** RECORDS SHOWN follows **

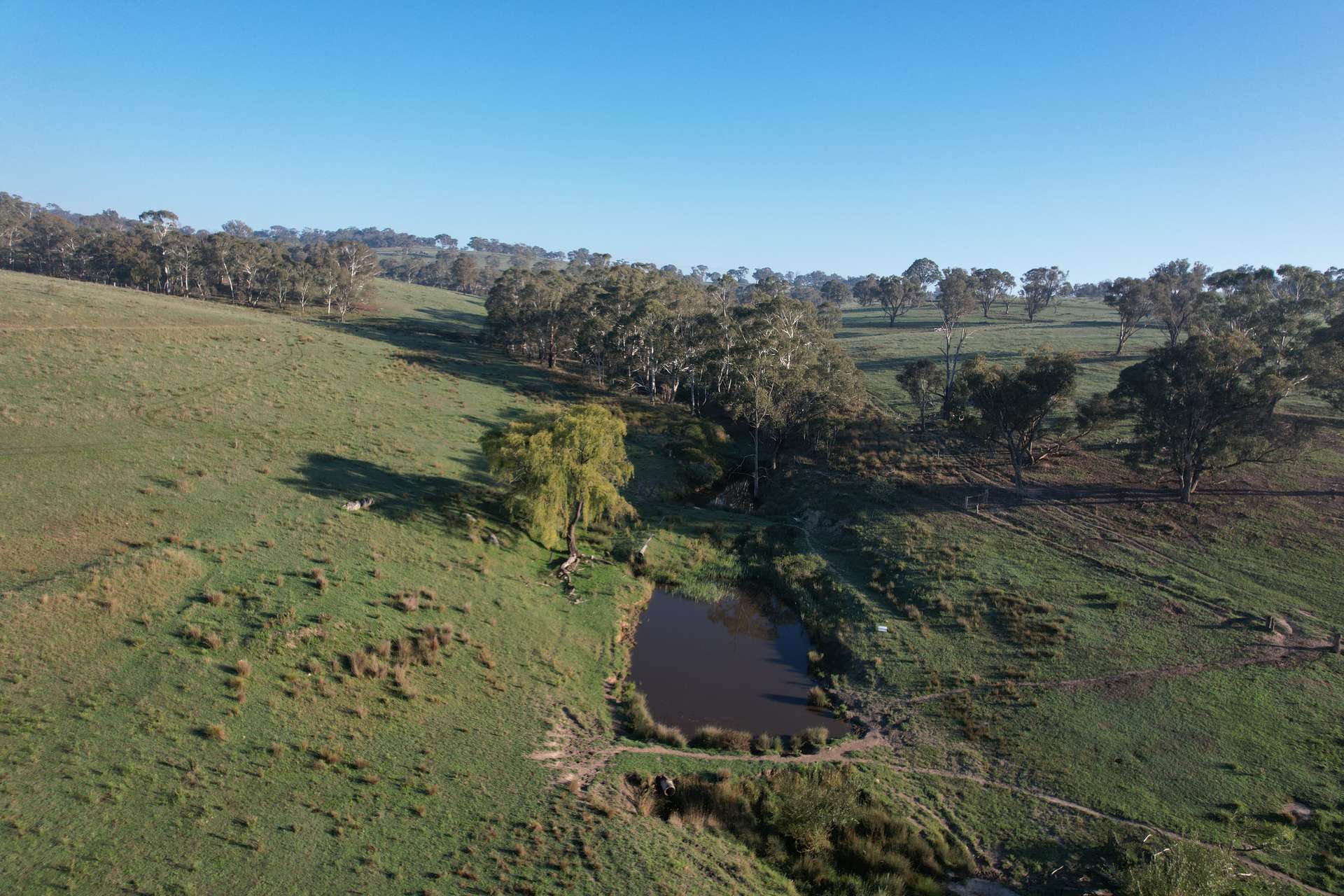 1414 Mid Western Highway, Bathurst Auction by Farmbuy.com - image 2
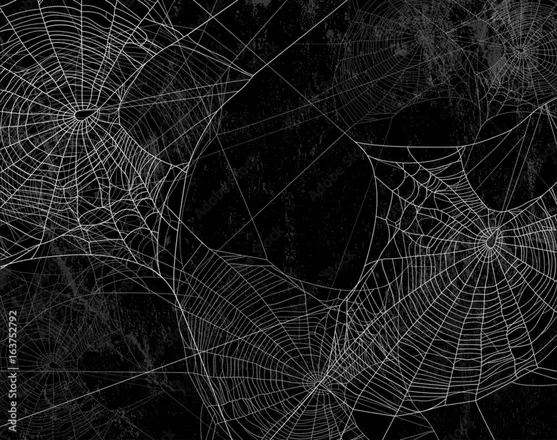 OnlyFans cuenta spidertits header 2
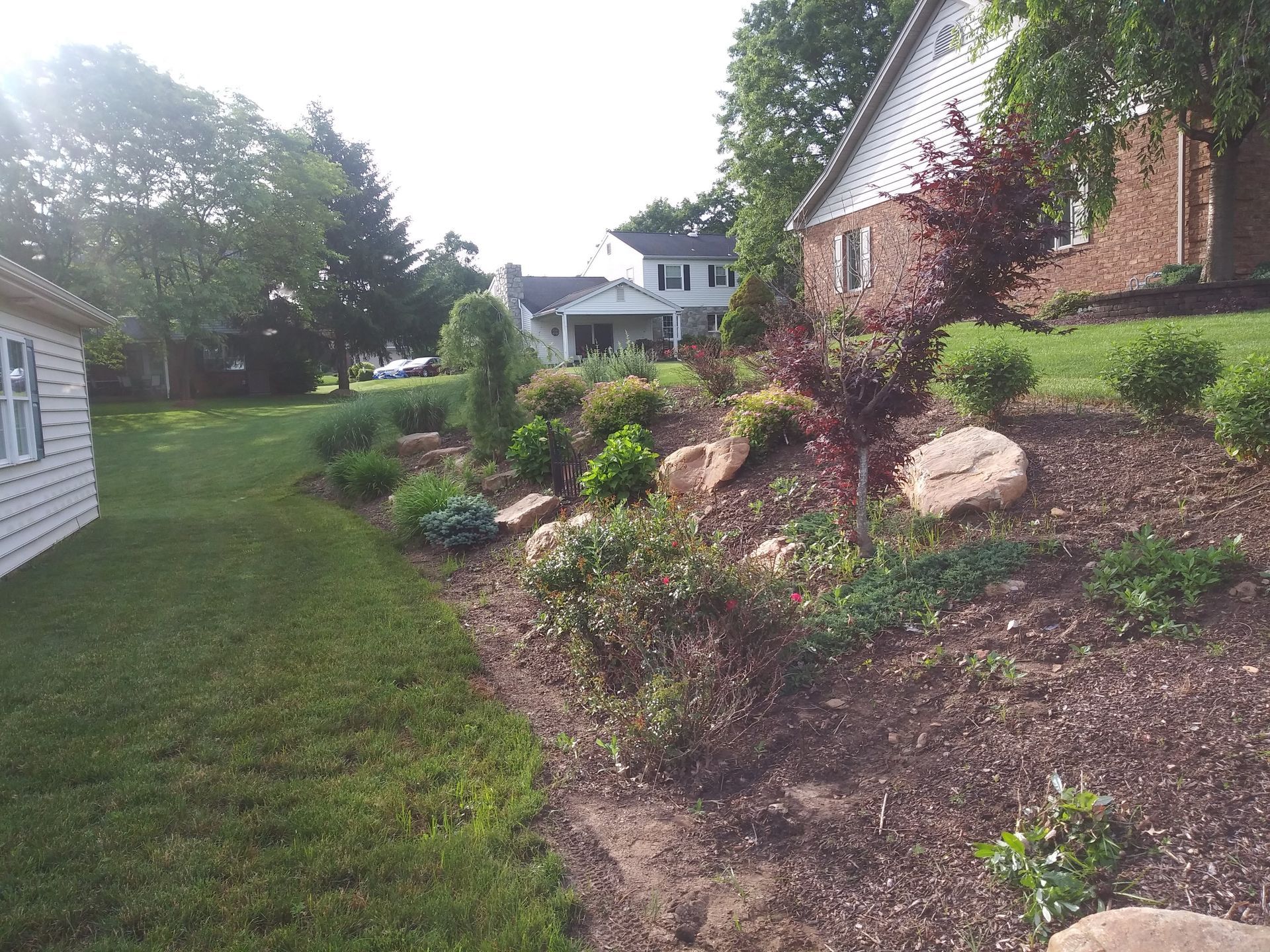 A lush green yard with a house in the background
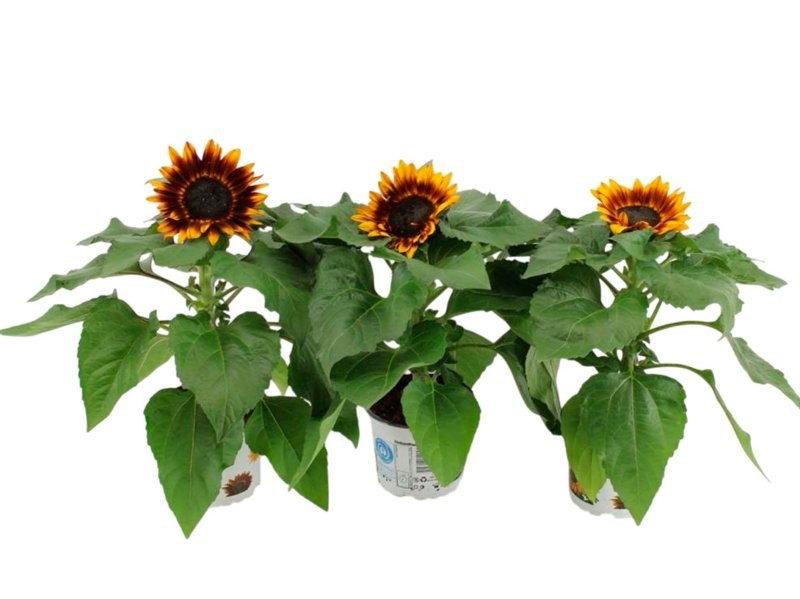 HELIANTHUS ANNUS D12 Tiger Eye
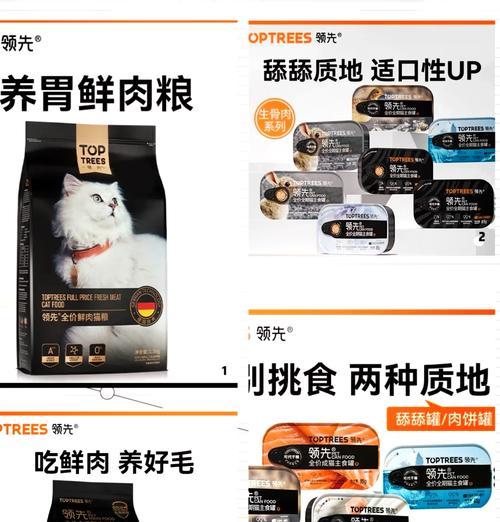 伊利猫粮产品名称：哪款听起来更吸引人？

** End of RECORDS SHOWN **

TASK REQUIREMENTS =>
Starting with the line that holds "HELIANTHUS ANNUS D12 Tiger Eye", copy every line exactly through the final line of the material, but skip the pictures.

ANSWER =>
 HELIANTHUS ANNUS D12 Tiger Eye
 伊利猫粮产品名称：哪款听起来更吸引人？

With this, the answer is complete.